* **Task to carry out**
Starting with the first line below, extract each line through the one that contains "Load image into", inclusive, excluding pictures.

Short descriptive text snippets:

- Opening Delimiter -

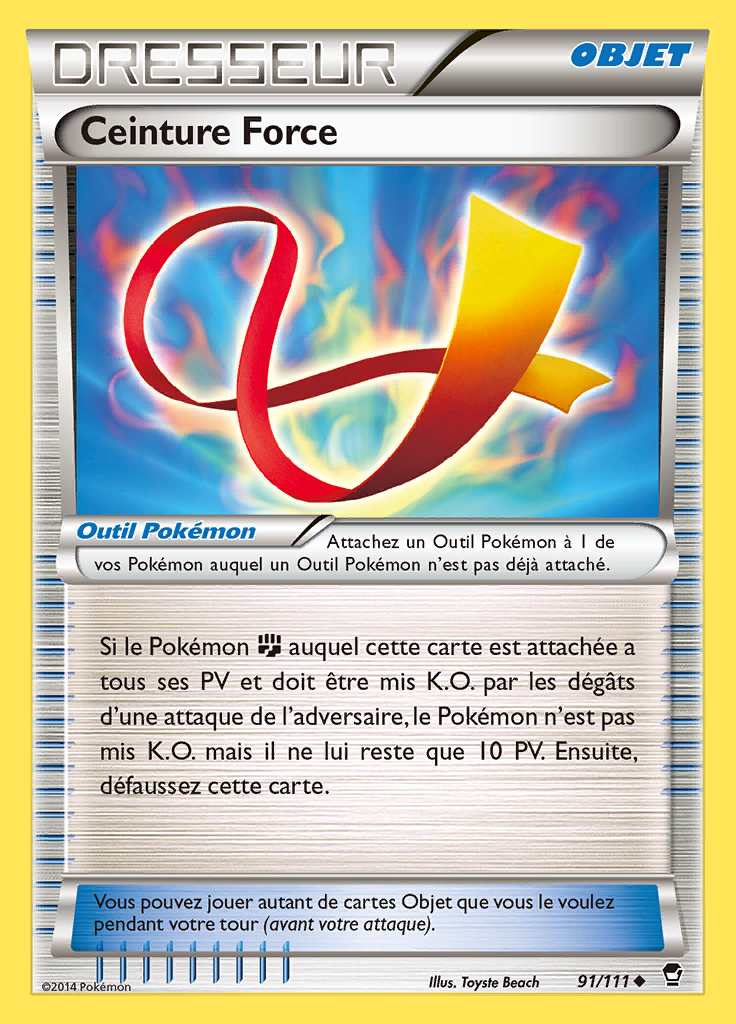 Ceinture Force 091/111 — Poings Furieux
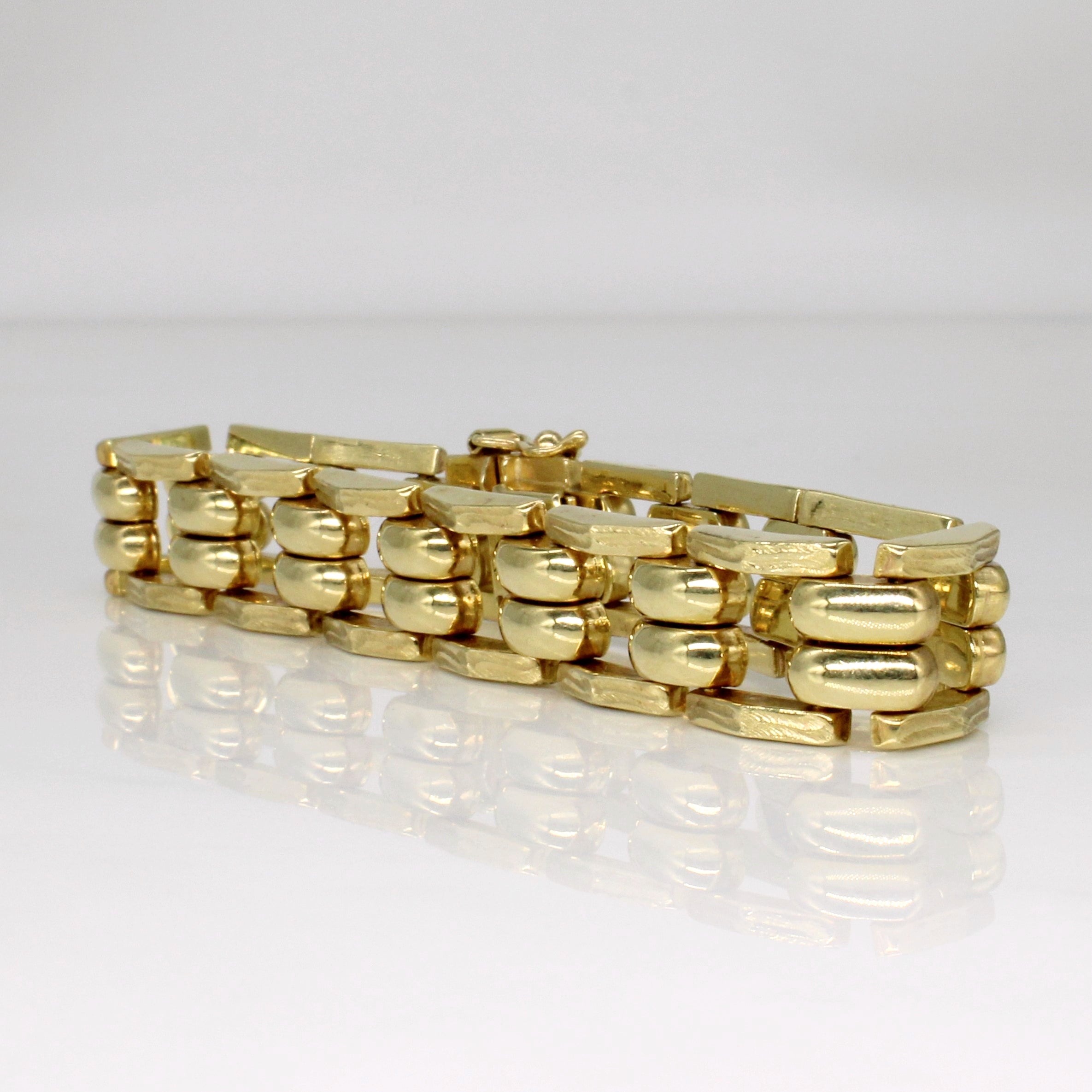 14k Yellow Gold Bracelet | 7" |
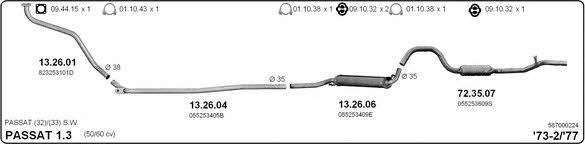 Imasaf 587000224 Exhaust system 587000224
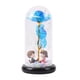 thumbnail image 1 of Centro de Decoración Artificial de Cristal con LED Hecho a Mano para Cumpleaños Esposa Fiesta Azul BLESIY Flores eternas, 1 of 8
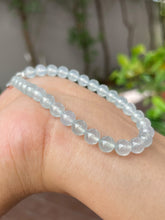 Load image into Gallery viewer, Glassy Jadeite Bracelet - Round Beads (NJBA116)
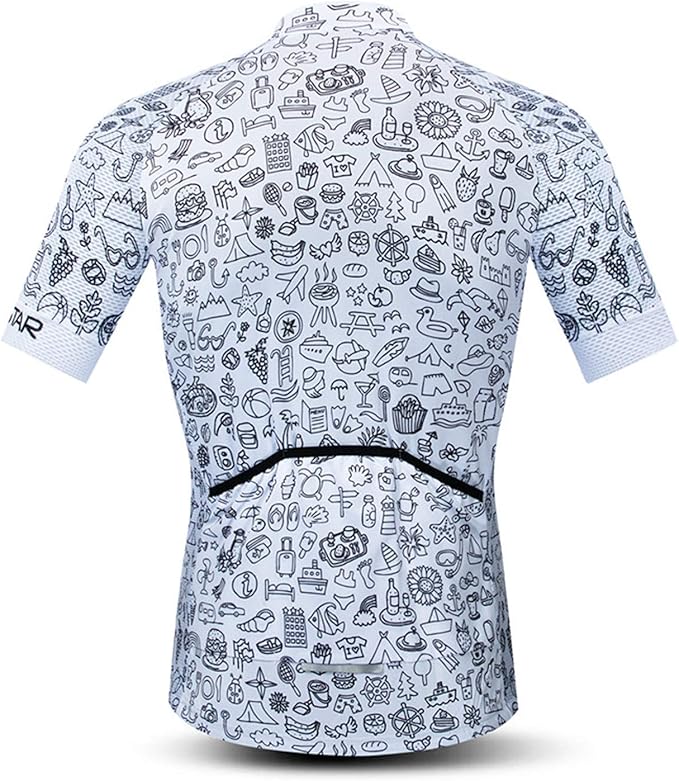 JPOJPO USA Cycling Jersey Men Road Bike Shirt Summer Biking Tops Short Sleeve Bicycle Clothes Cycle Wear Breathable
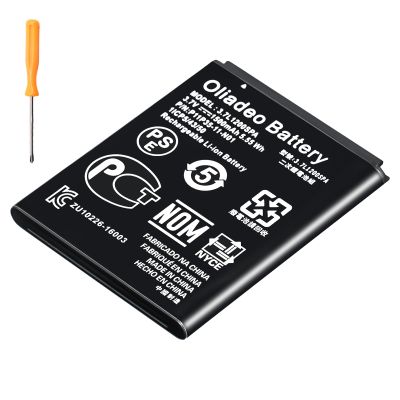 oliadeo TI-84 Plus CE Battery Replacement: for Texas Instruments TI Nspire CX II - TI Nspire CX CAS II - Part No 3.7L1200SPA, P11P35-11-N01 Li-ion Battery with Tools 3.7V
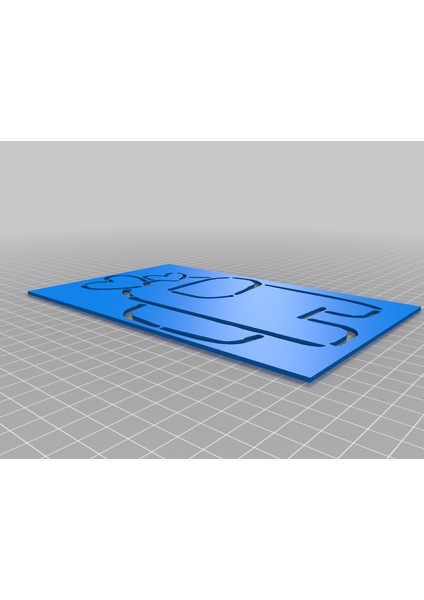 Aramızda Şablon 10 (Sadece Plastik Aparattır!!!) 3D fiyatları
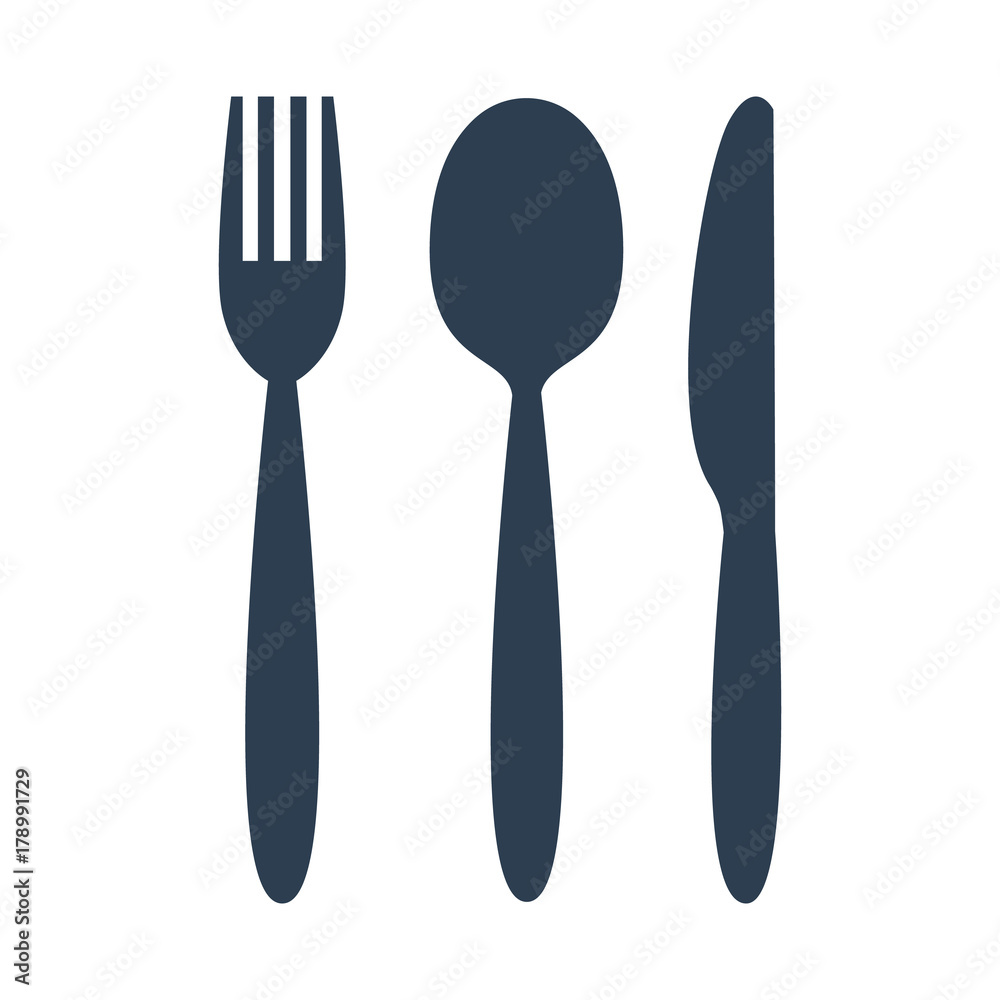 knife, fork and spoon knife, fork and spoon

- Closing Delimiter -

* **Result below**
 Ceinture Force 091/111 — Poings Furieux
 14k Yellow Gold Bracelet | 7" |
 Imasaf 587000224 Exhaust system 587000224
 thumbnail image 1 of Centro de Decoración Artificial de Cristal con LED Hecho a Mano para Cumpleaños Esposa Fiesta Azul BLESIY Flores eternas, 1 of 8
 Load image into Gallery viewer, Glassy Jadeite Bracelet - Round Beads (NJBA116)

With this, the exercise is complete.